(WHAT THE TASK REQUIRES) All of the data should be repeated exactly; pictures are not part of the copy.

(EXERCISE DATA)

• • • • •

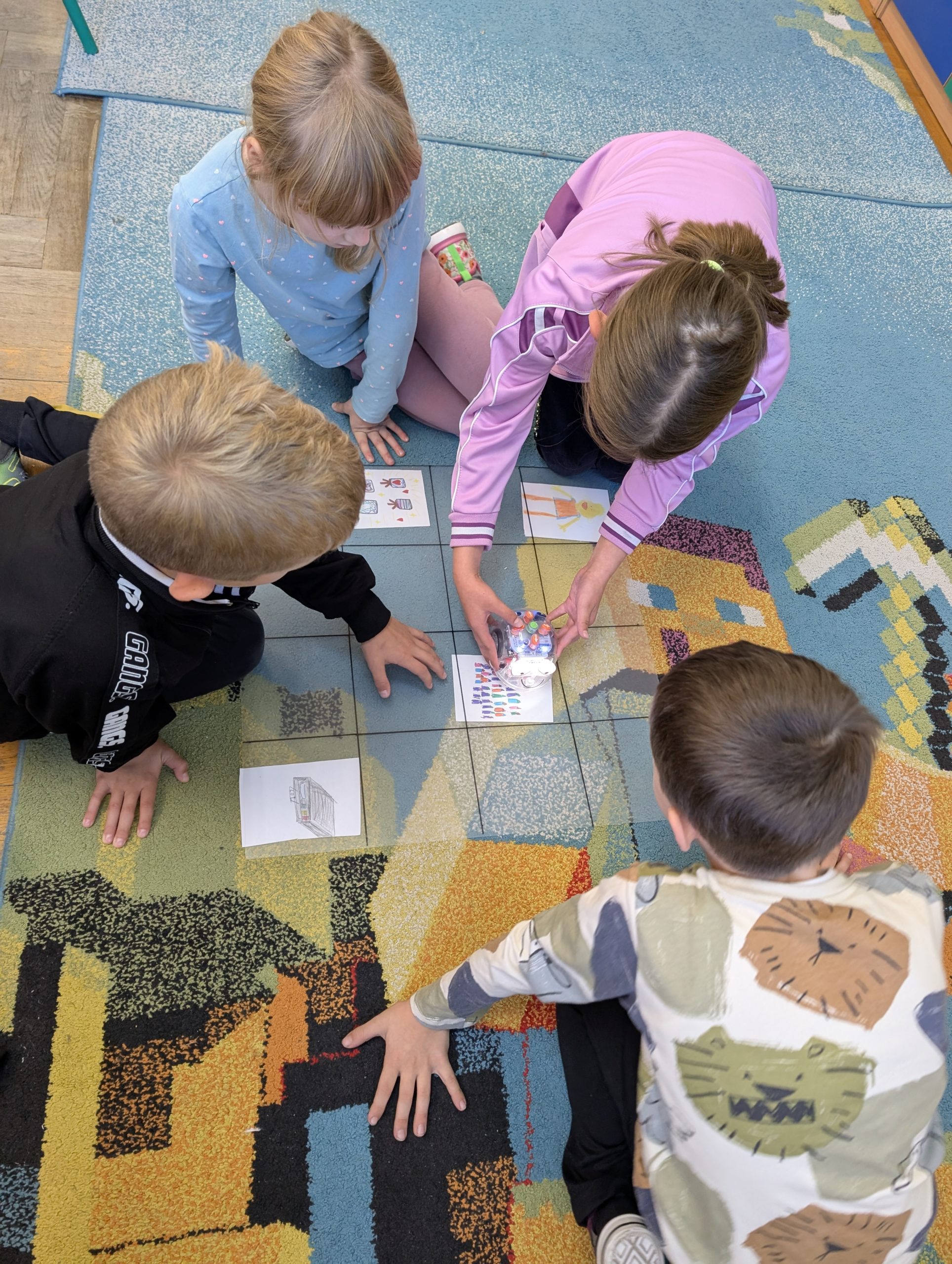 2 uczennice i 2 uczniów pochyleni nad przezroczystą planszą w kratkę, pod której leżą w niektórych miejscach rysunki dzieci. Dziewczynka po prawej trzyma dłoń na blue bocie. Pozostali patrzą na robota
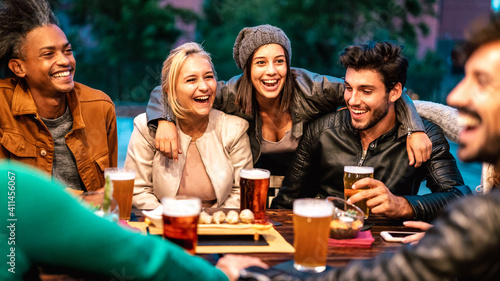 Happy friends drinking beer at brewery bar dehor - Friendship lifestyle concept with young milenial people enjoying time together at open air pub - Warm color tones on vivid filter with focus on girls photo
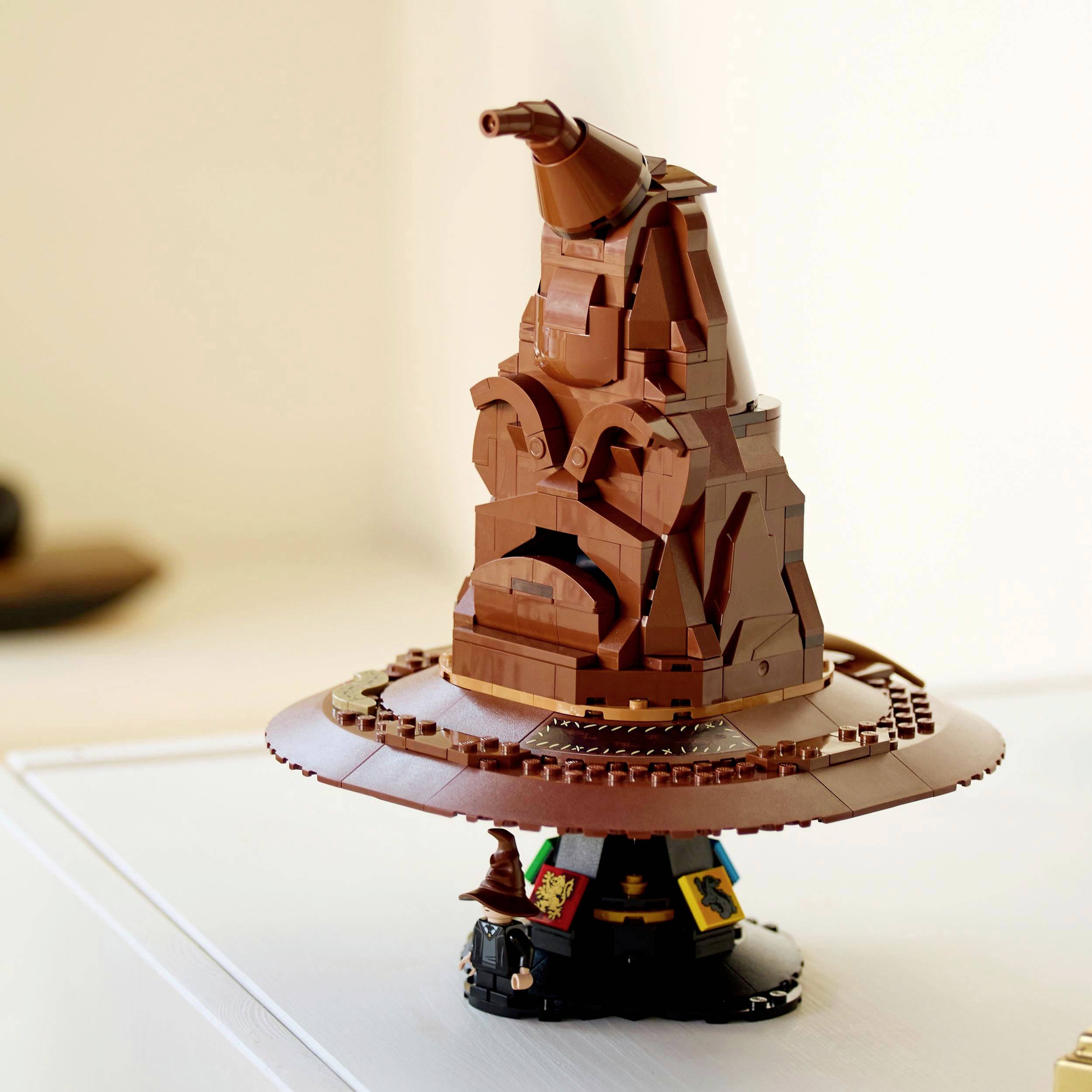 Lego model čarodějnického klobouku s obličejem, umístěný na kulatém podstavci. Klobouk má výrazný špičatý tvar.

• • • • •

(OUTPUT)
 2 uczennice i 2 uczniów pochyleni nad przezroczystą planszą w kratkę, pod której leżą w niektórych miejscach rysunki dzieci. Dziewczynka po prawej trzyma dłoń na blue bocie. Pozostali patrzą na robota
 Happy friends drinking beer at brewery bar dehor - Friendship lifestyle concept with young milenial people enjoying time together at open air pub - Warm color tones on vivid filter with focus on girls photo
 Lego model čarodějnického klobouku s obličejem, umístěný na kulatém podstavci. Klobouk má výrazný špičatý tvar.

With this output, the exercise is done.